L'epoca della pirateria impersonata nei barbareschi del Nord Africa era, ormai, al tramonto. Tuttavia, si ebbe ancora un colpo di coda. Nel 1834, infatti, sorsero nuovi "dissensi" con il Marocco. Materia del contendere: il rispetto della libertà di navigazione nelle acque mediterranee ed atlantiche di quel paese. Si sapeva che il sultano Mulay Abdel Rahman stava armando navi da guerra.

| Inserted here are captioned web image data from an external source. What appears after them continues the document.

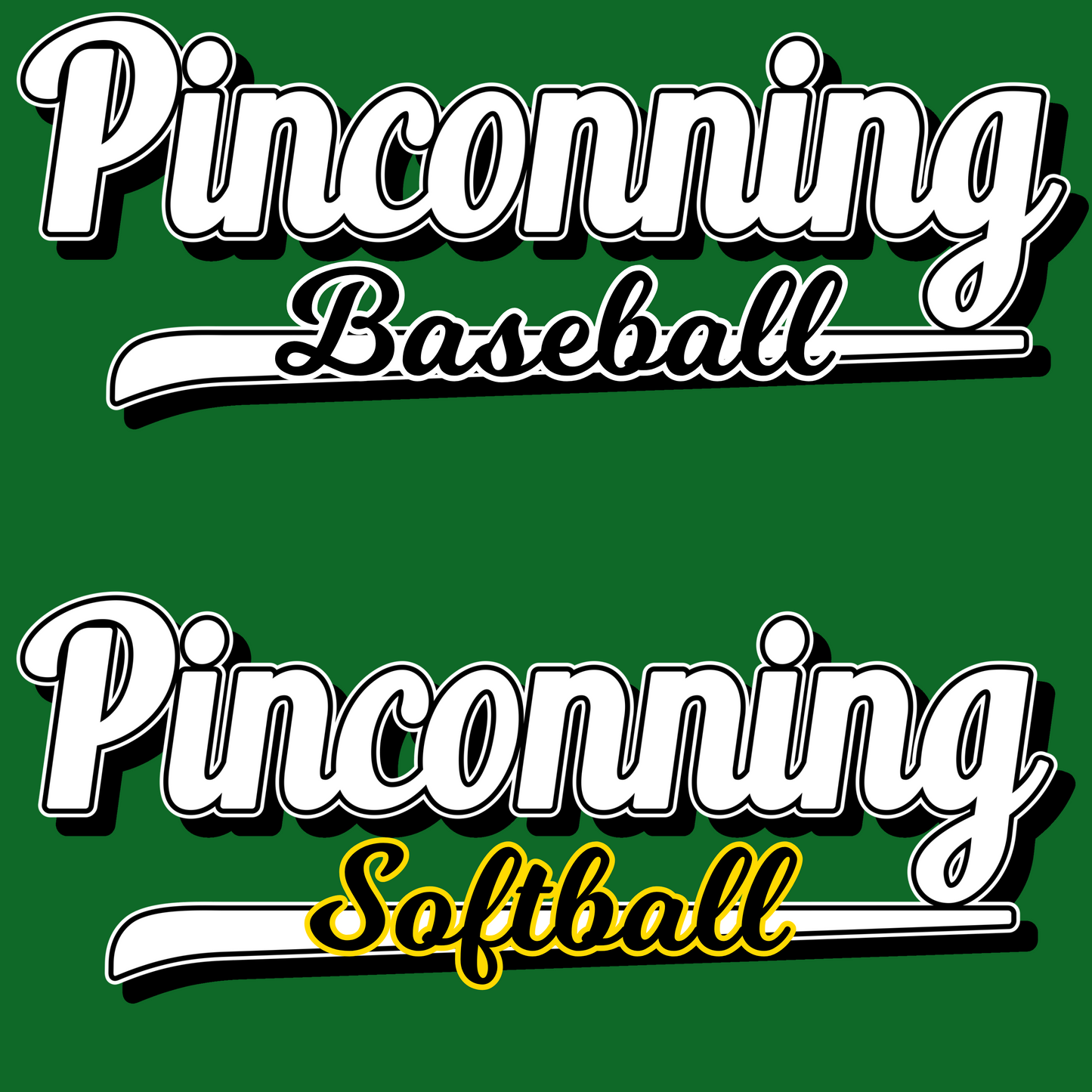 Pinconning Baseball - 2025 Logo Performance Tee
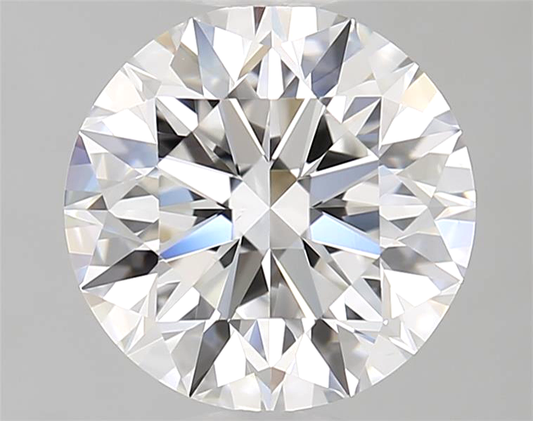 Round diamond on a gray background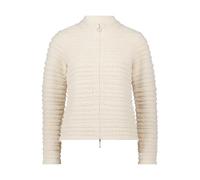 Strickjacke BETTY BARCLAY "Damen Grobstrickjacke mit Struktur", Damen, Gr. 44, beige, Strick, Obermaterial: 55% Polyamid, 27% Baumwolle, 18% Polyacryl., relaxed fit normal, Strickjacken (28217257-44)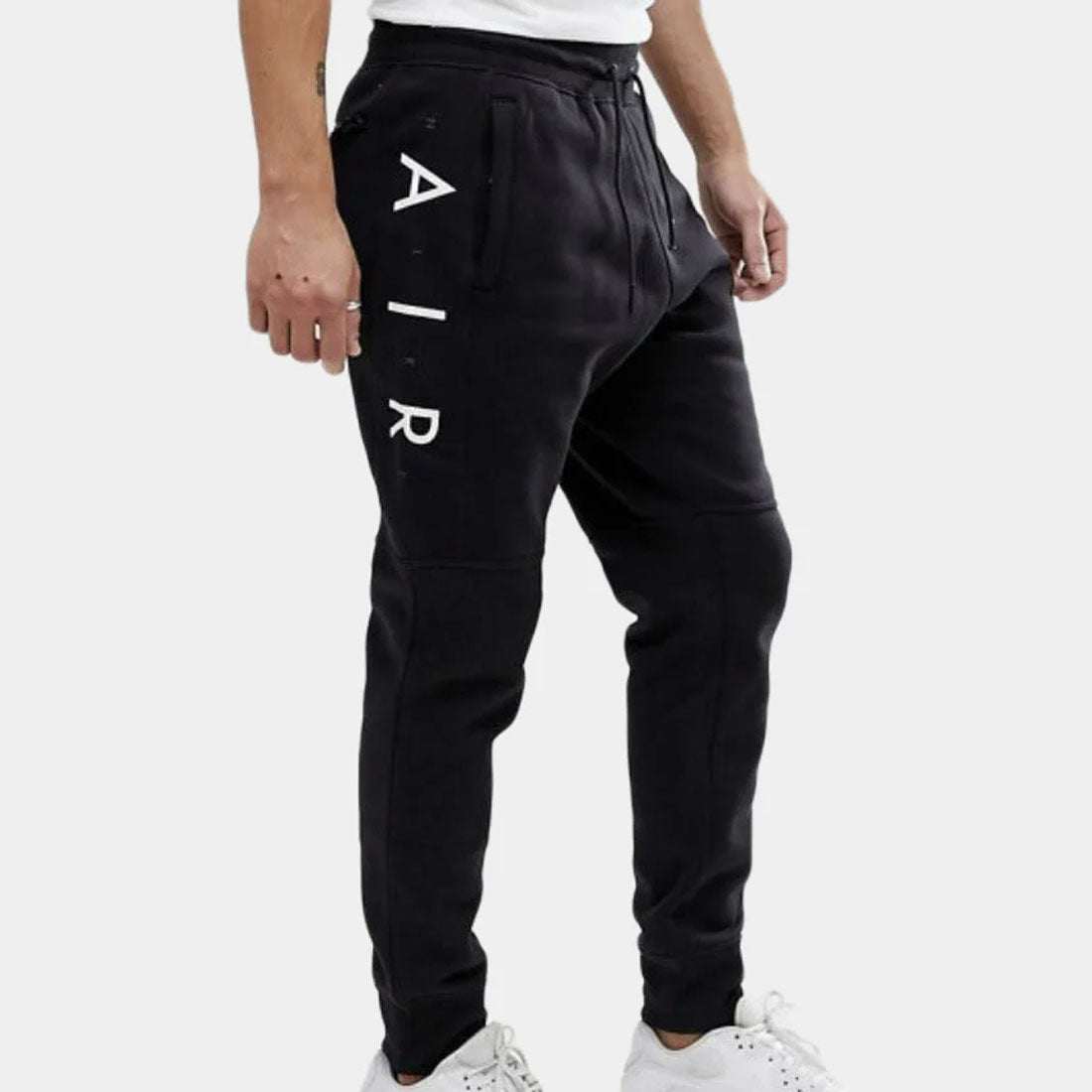 Nike Air Men's Black Athletic Fit Tracksuit Bottoms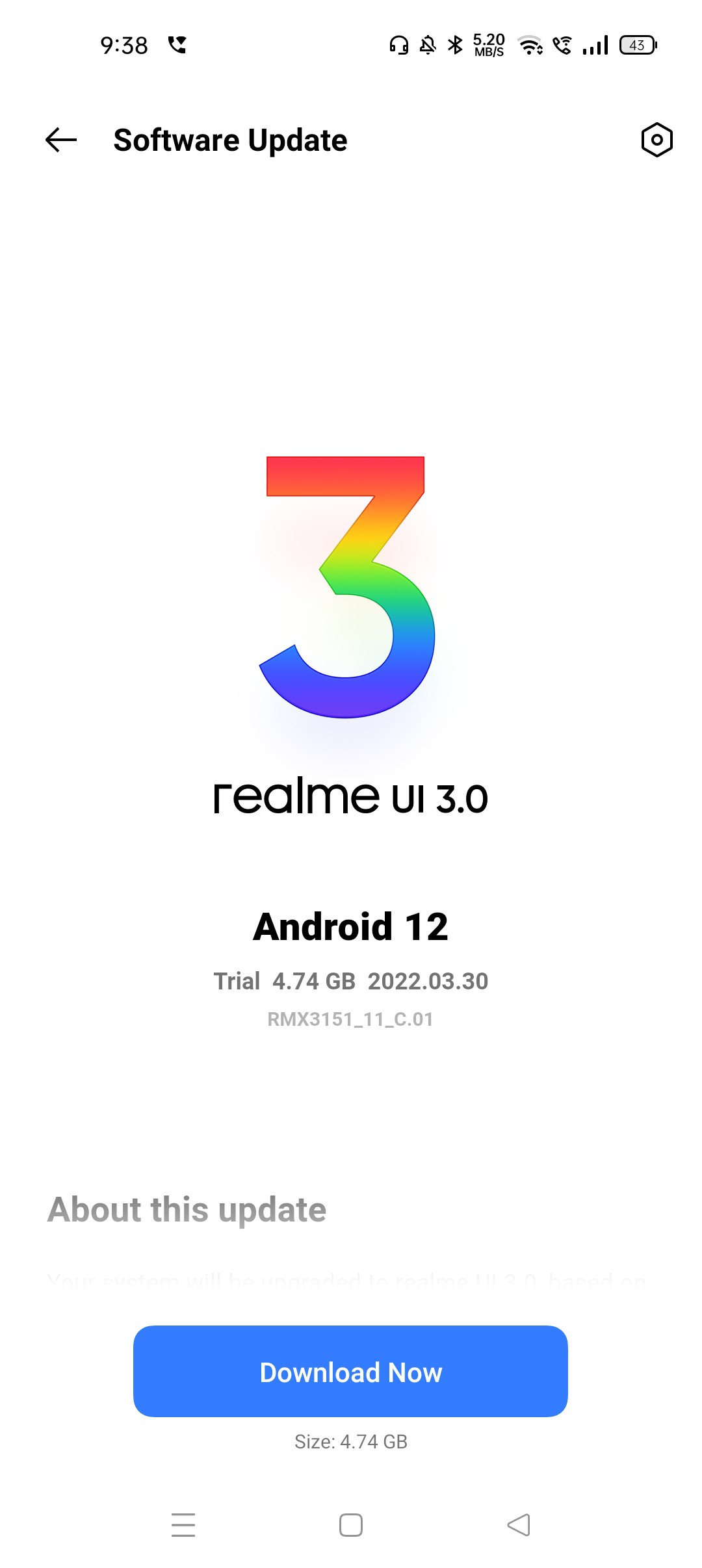 realme 8i realme ui 3.0 android 12 early access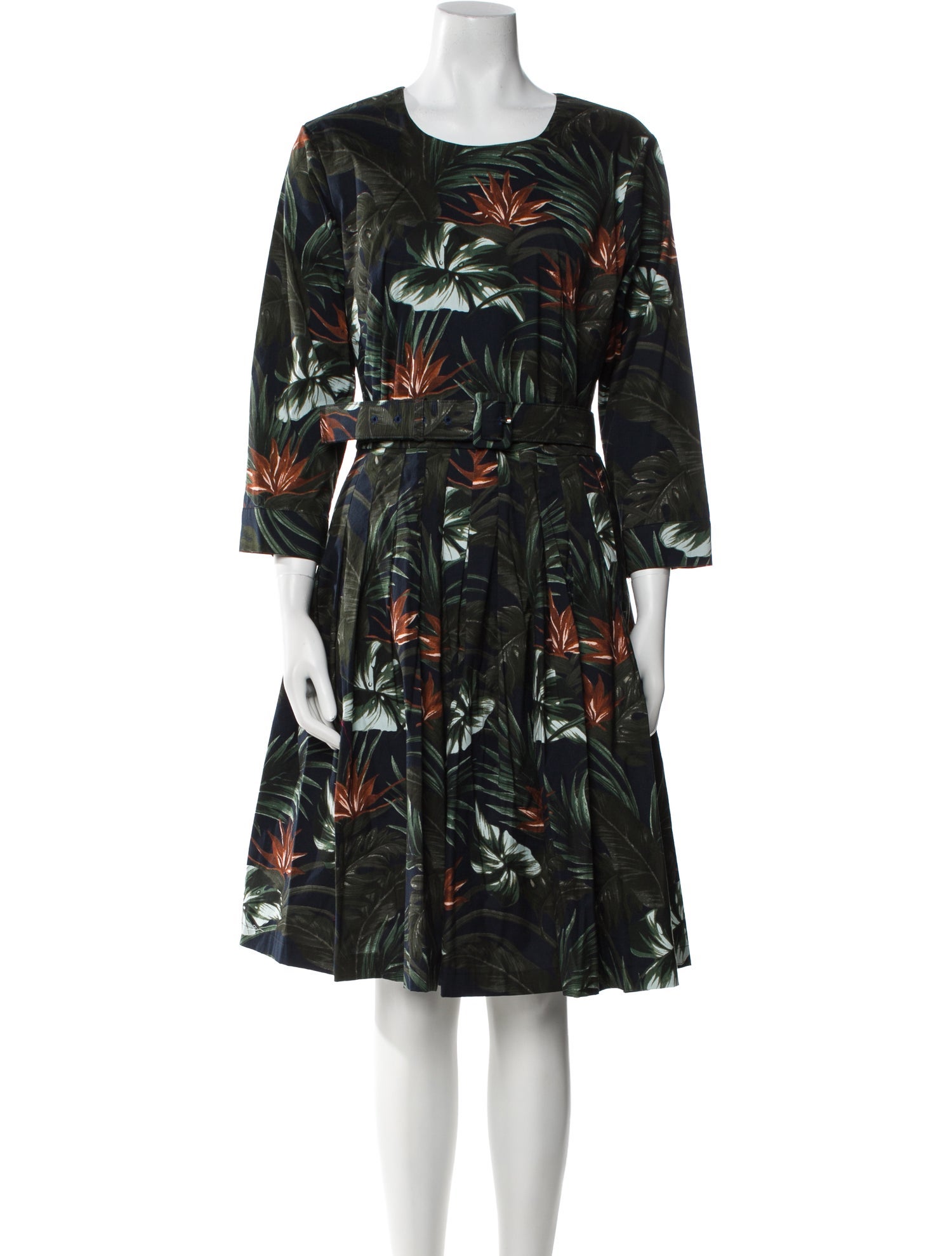 Samantha Sung Floral Print Knee-Length Dress
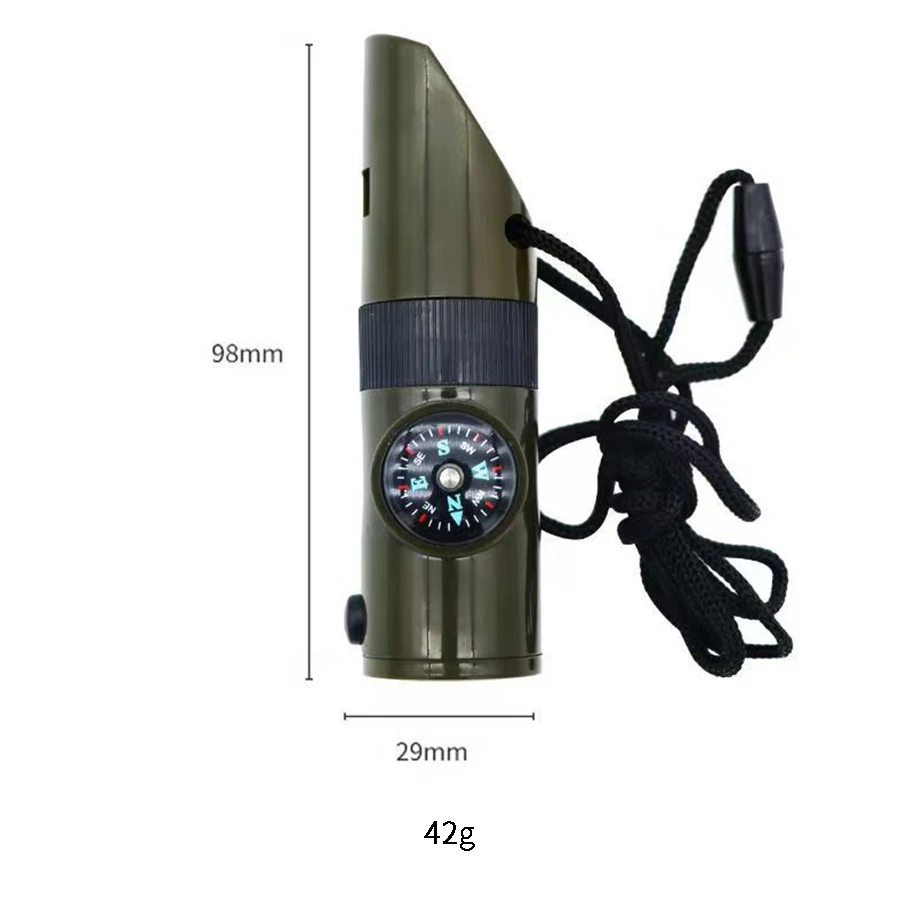 Silbato táctico de supervivencia con brújula y linterna integradas - imagen 3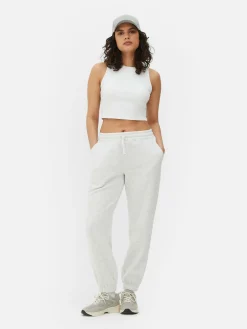 Jogginghosen|Primark Jogginghose Mit Kordelzug Und Bündchen Grau meliert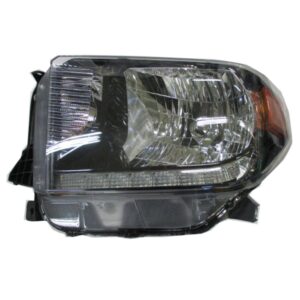Head Lamp Driver Side Toyota Tundra 2018-2020 Halogen Without Smoked Bezel High Quality , TO2502260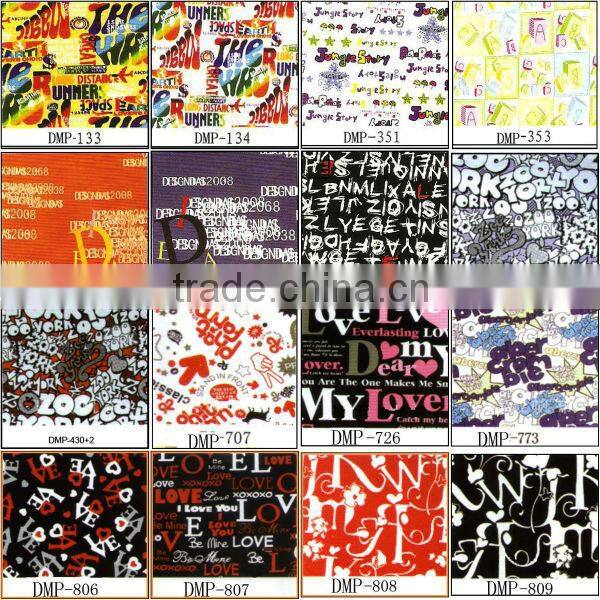 Printing t/c canvas bag fabric luxurious design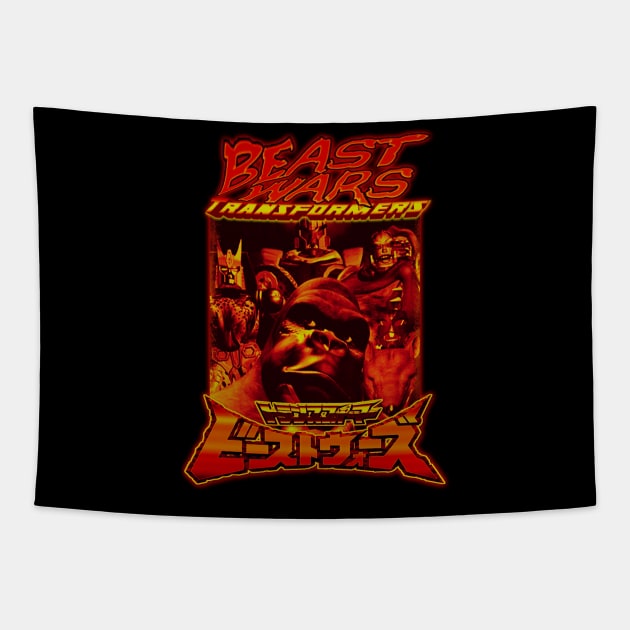 Beast Wars, Classic 90's TV (Version1) Tapestry by The Dark Vestiary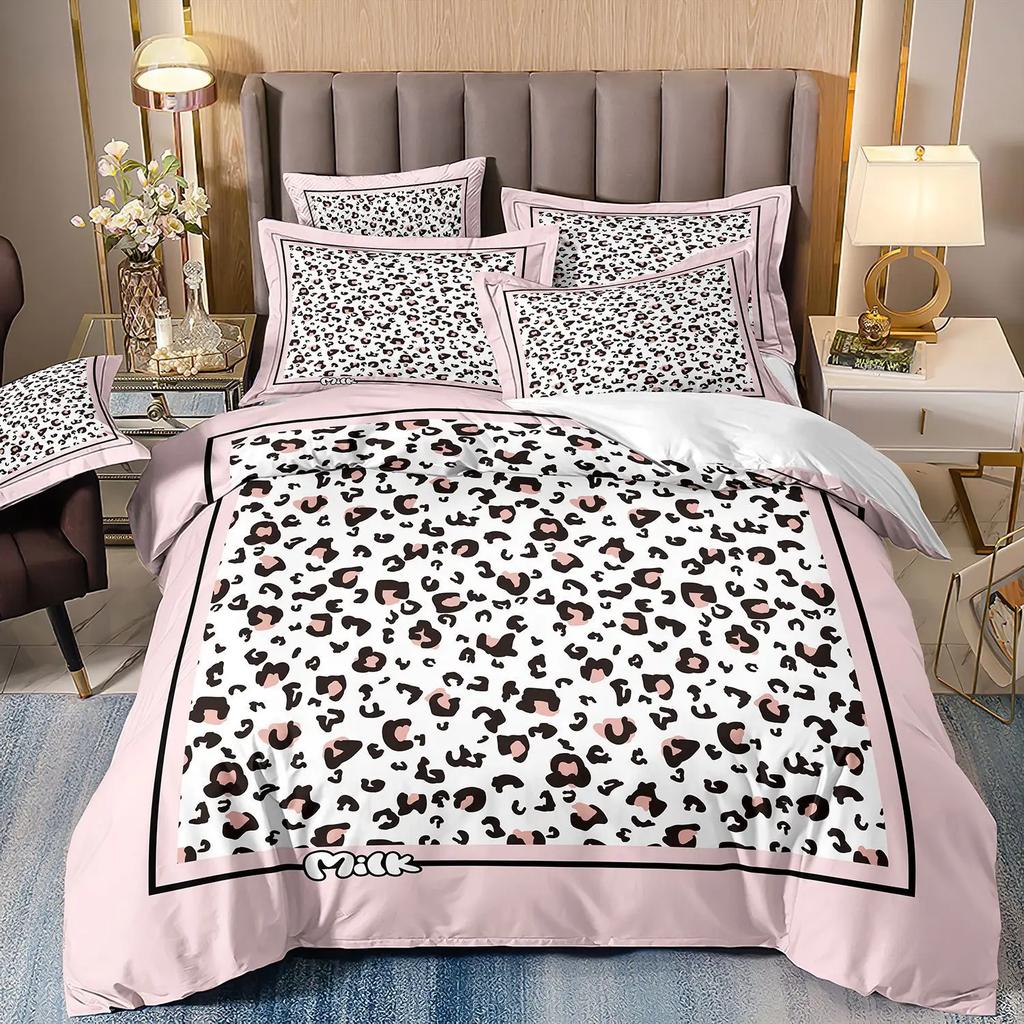 Luxury Style Bedding Set 3D Printed Soft Polyester Duvet Cover Set Quilt Cover Set Bedding With Pillowcases For Family Gift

Fu deciso pertanto che un raggruppamento navale delle Due Sicilie effettuasse una "dimostrazione" davanti alle coste marocchine. La divisione composta da una fregata, da una corvetta e da una goletta partí da Napoli il 13 maggio. Il retro ammiraglio Giavan Battista Staiti, giunto a Gibilterra, prese contatto con Mulay Abdel Rahman attraverso il console delle Due Sicilie per sapere se il sultano accettava le proposte del governo di Napoli per il rinnovo del trattato di amicizia. La fregata "Regina Isabella" uscí in Atlantico e costeggiò, verso sud, i litorali marocchine fino a Salè, effettuandovi delle manovre. Poi si ricongiunse con le altre unità della divisione a Cadice.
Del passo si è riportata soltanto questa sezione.